*** Begin section ***

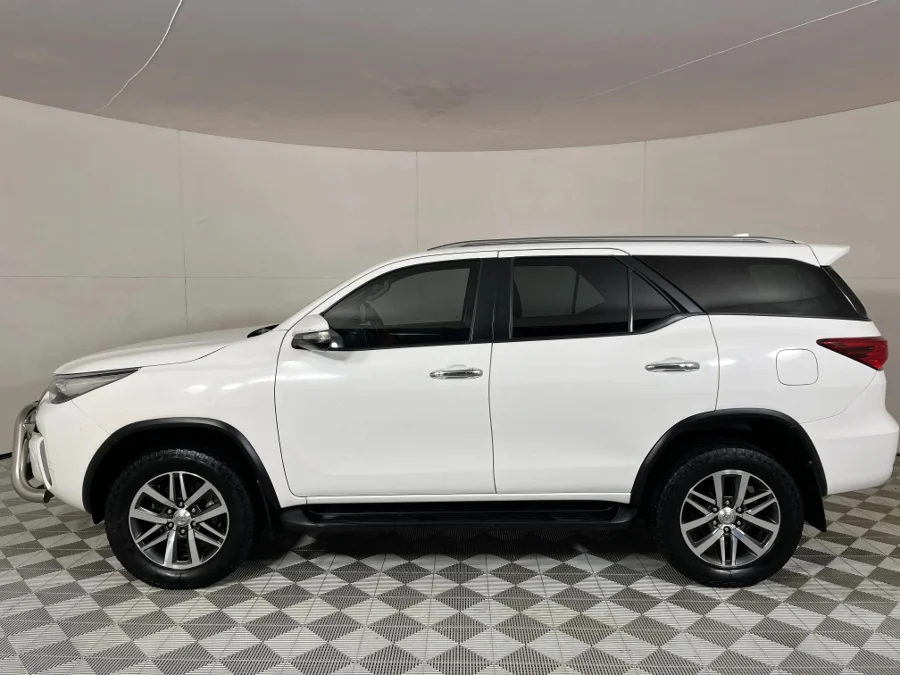 Used 2018 Toyota Fortuner 2.8GD-6 4x4 auto - WeBuyCars JHB South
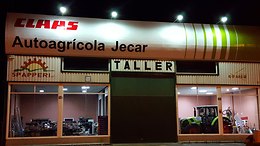 Fachada instalaciones de noche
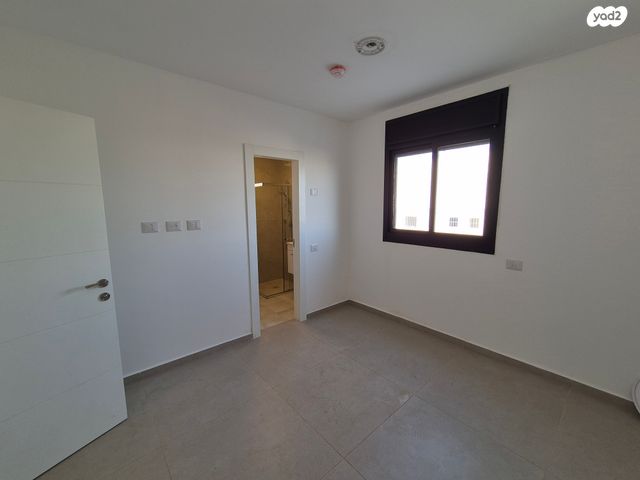 דירת גן, דרור, חורשת נח, אופקים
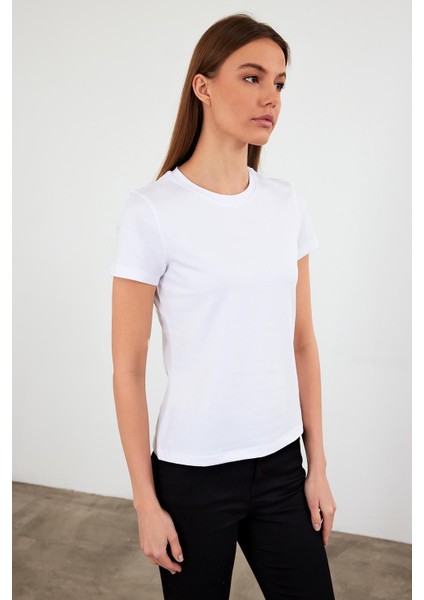 Kadın Rachel Beyaz Bisiklet Yaka Slim Fit Basic Tişört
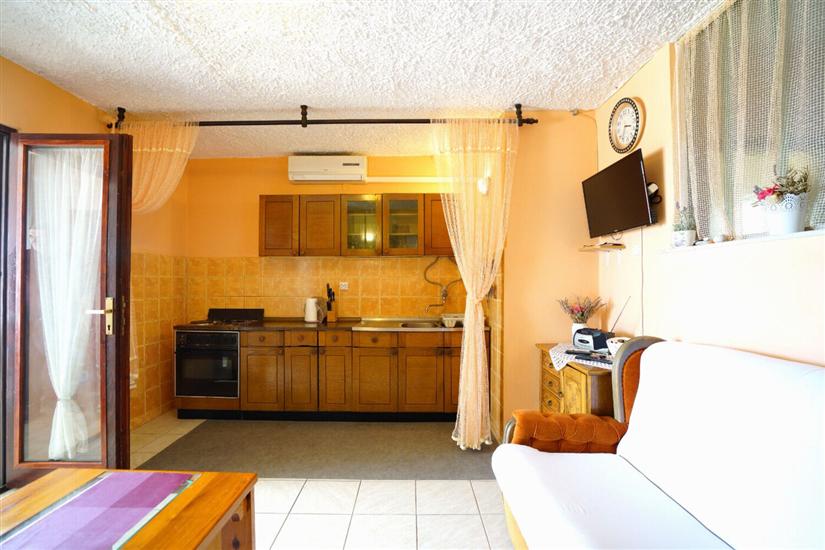 Apartment A1, for 8 persons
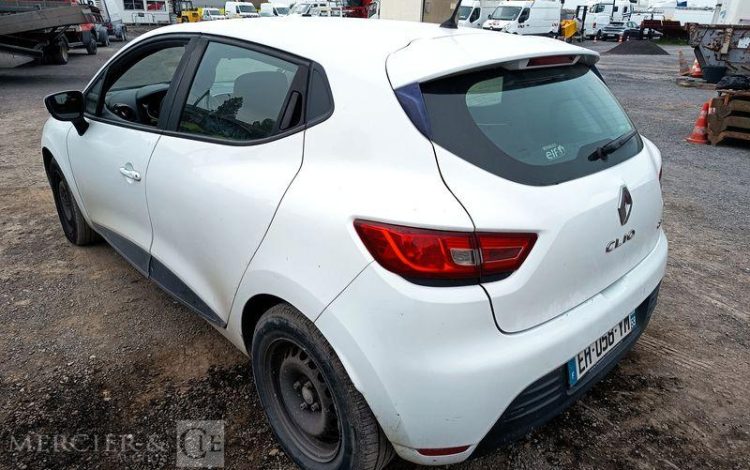 RENAULT CLIO BLANC EH-058-YM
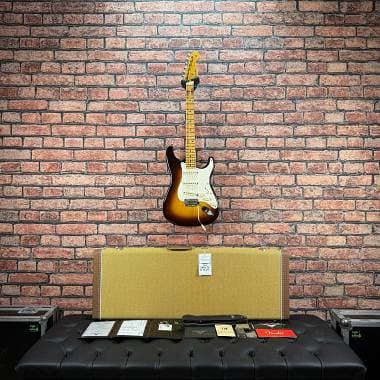 Fender Custom Shop Stratocaster 57 2 Tone Sunburst Limited Ed. Journeyman Relic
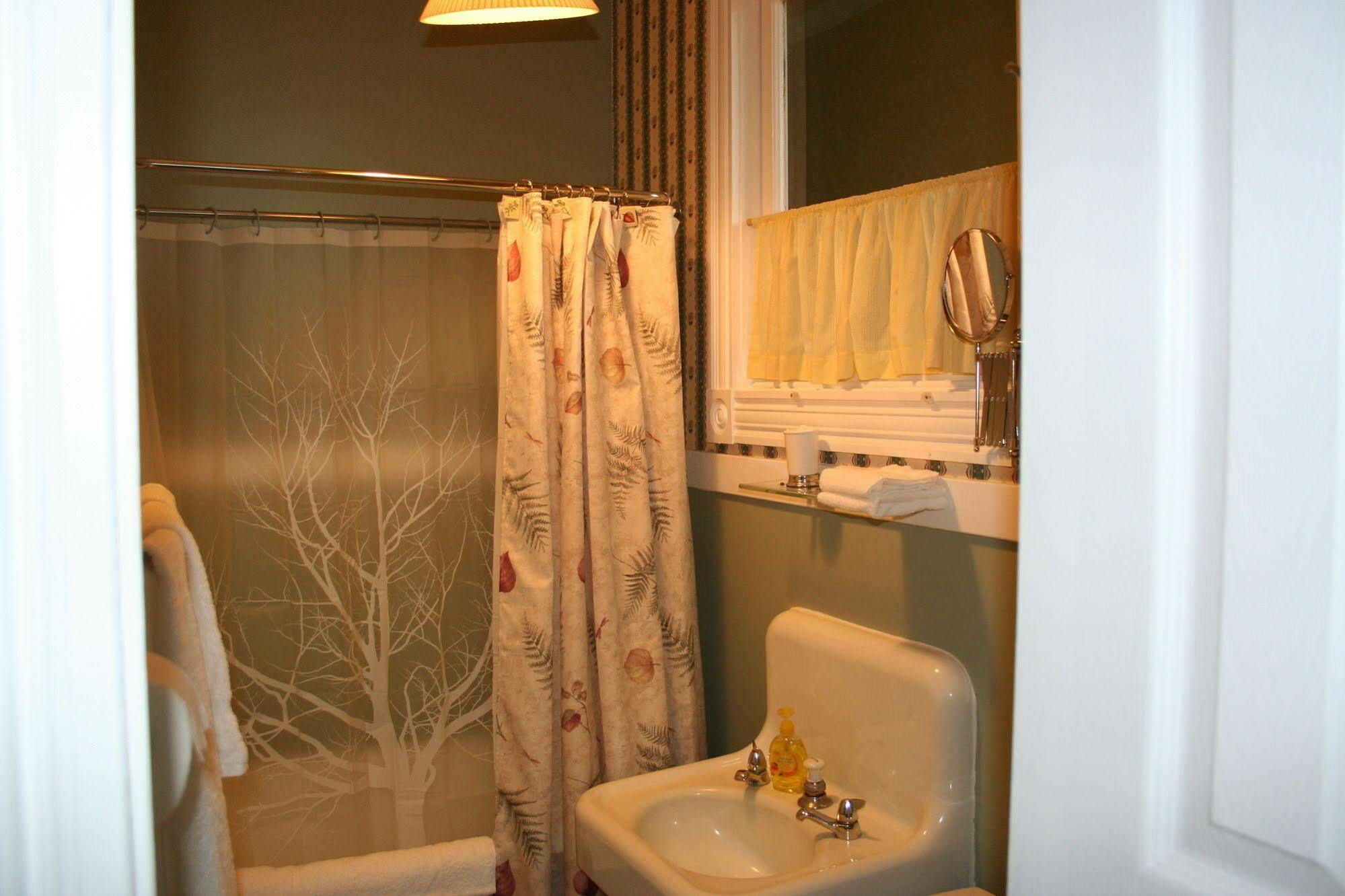 Sackville Bed And Breakfast Екстериор снимка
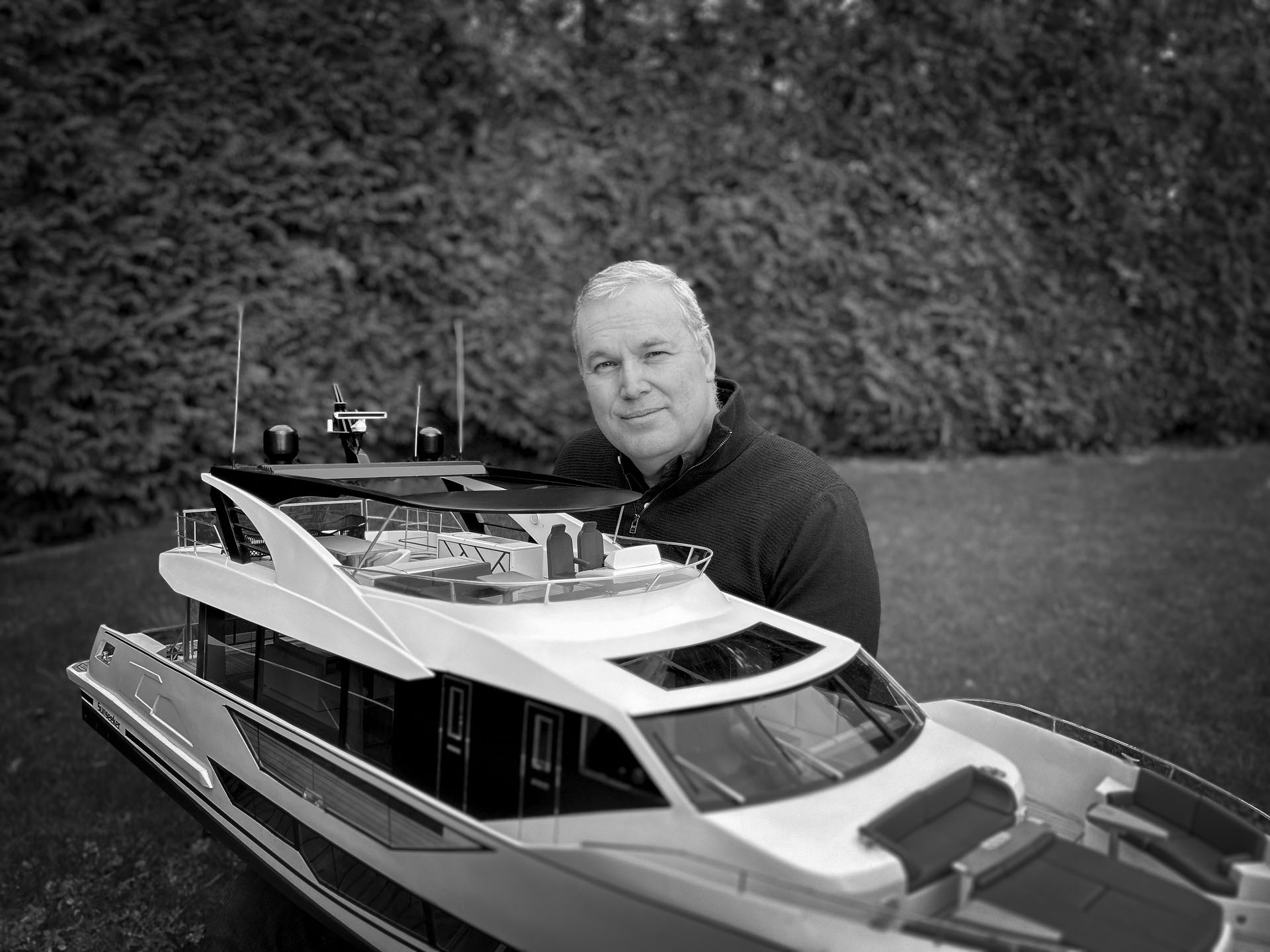 Artist Jan Indeke with model Yacht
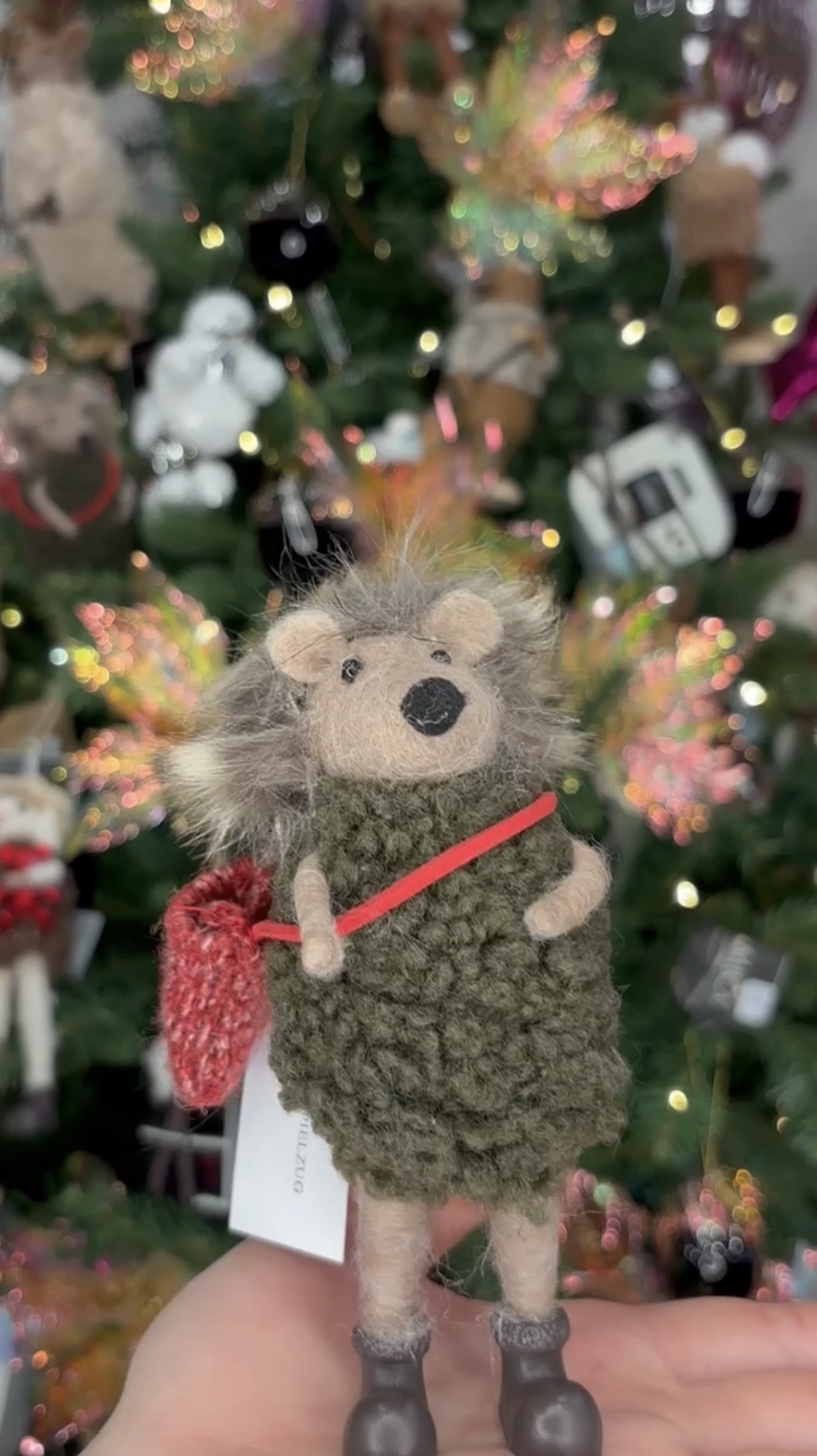 Erizo con abrigo y bolso hecho a mano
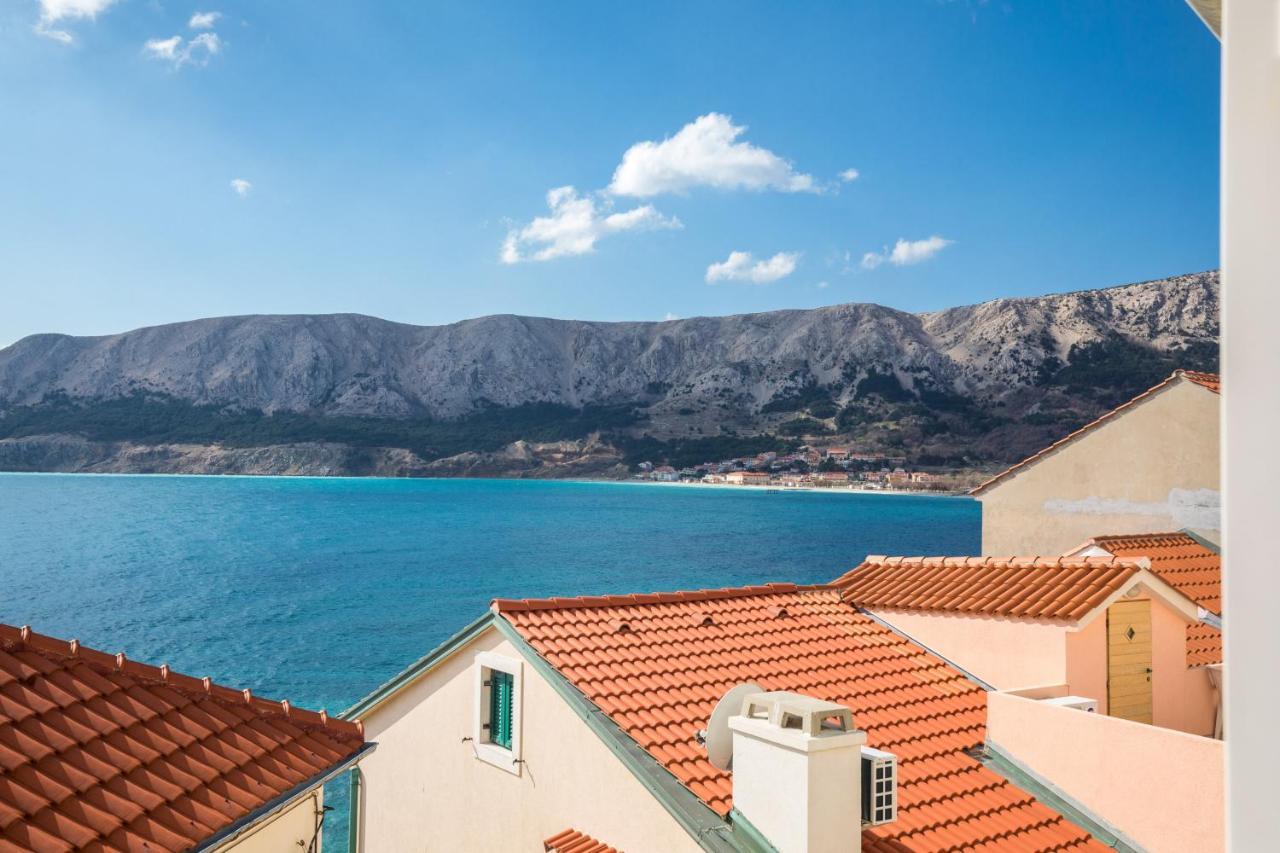 Apartments Darko Near The Sea Baška Esterno foto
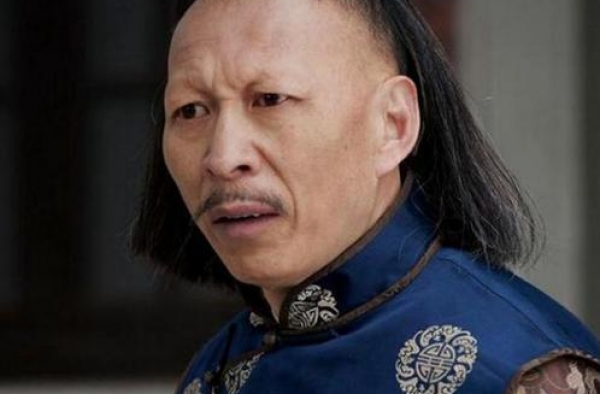细数：当代荧屏出名的“2大恶人”，在生活中全然变了味道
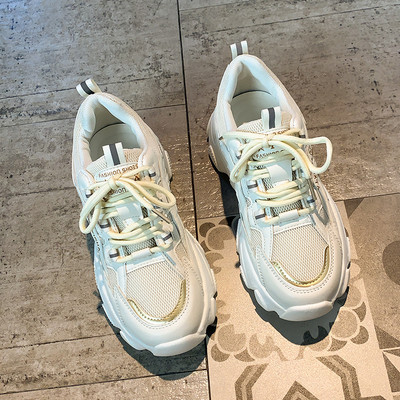 Γυναικεία αθλητικά παπούτσια με κορδόνια - πλατφόρμα 6 cm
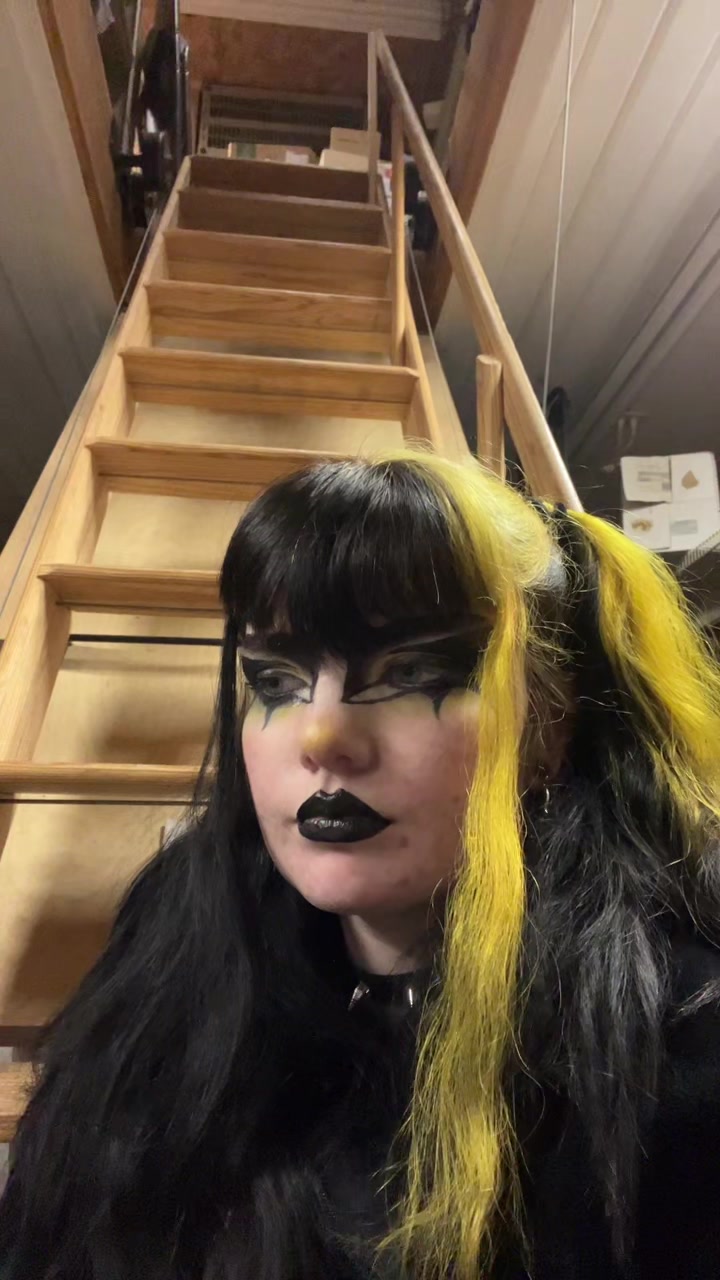 @Toeknee Marie☠️🖤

*** End section ***

__Your objective__:
With the pictures omitted, print each line of the data above precisely as given.

__Your response__:
 Used 2018 Toyota Fortuner 2.8GD-6 4x4 auto - WeBuyCars JHB South
 Fachada instalaciones de noche
 דירת גן, דרור, חורשת נח, אופקים
 Kadın Rachel Beyaz Bisiklet Yaka Slim Fit Basic Tişört
 Apartment A1, for 8 persons
 RENAULT CLIO BLANC EH-058-YM
 Fender Custom Shop Stratocaster 57 2 Tone Sunburst Limited Ed. Journeyman Relic
 Sackville Bed And Breakfast Екстериор снимка
 Artist Jan Indeke with model Yacht
 Erizo con abrigo y bolso hecho a mano
 Apartments Darko Near The Sea Baška Esterno foto
细数：当代荧屏出名的“2大恶人”，在生活中全然变了味道
 Γυναικεία αθλητικά παπούτσια με κορδόνια - πλατφόρμα 6 cm
 @Toeknee Marie☠️🖤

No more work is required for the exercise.